● Activity:
Pictures must not appear in the copy. Reproduce exactly, and only, the lines from the one with "New Look Pink" through the end of the data below.

START Data segment

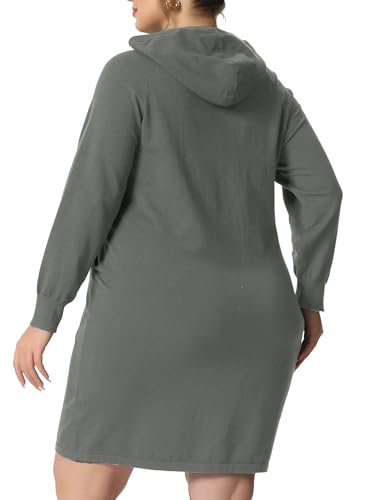 Image of Agnes Orinda Plus Size Hoodie Sweater Dress for Women Long Sleeve Pullover Fall Mini Bodycon Sweatshirt Dresses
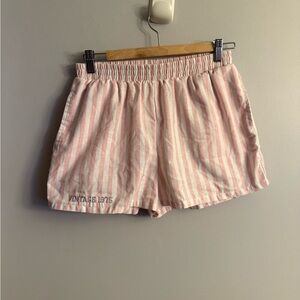 New Look Pink and White Striped High Waist Shorts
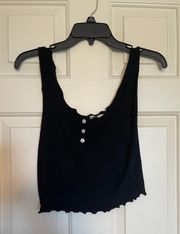 Black Button Tank Top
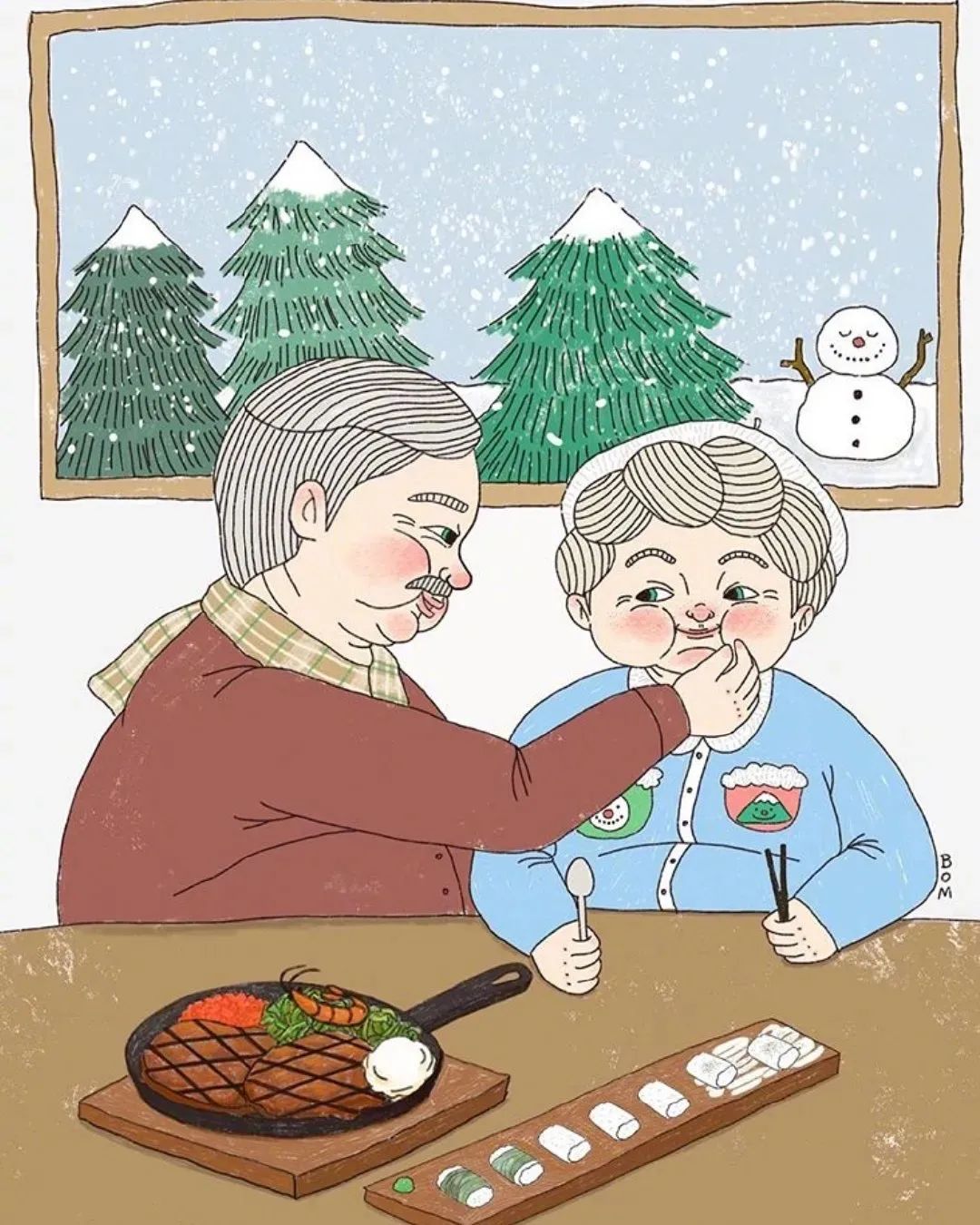 一对恩爱的老夫妻插画︱韩国插画师bomsamuso的作品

END Data segment

● Task output:
 New Look Pink and White Striped High Waist Shorts
 Black Button Tank Top
 一对恩爱的老夫妻插画︱韩国插画师bomsamuso的作品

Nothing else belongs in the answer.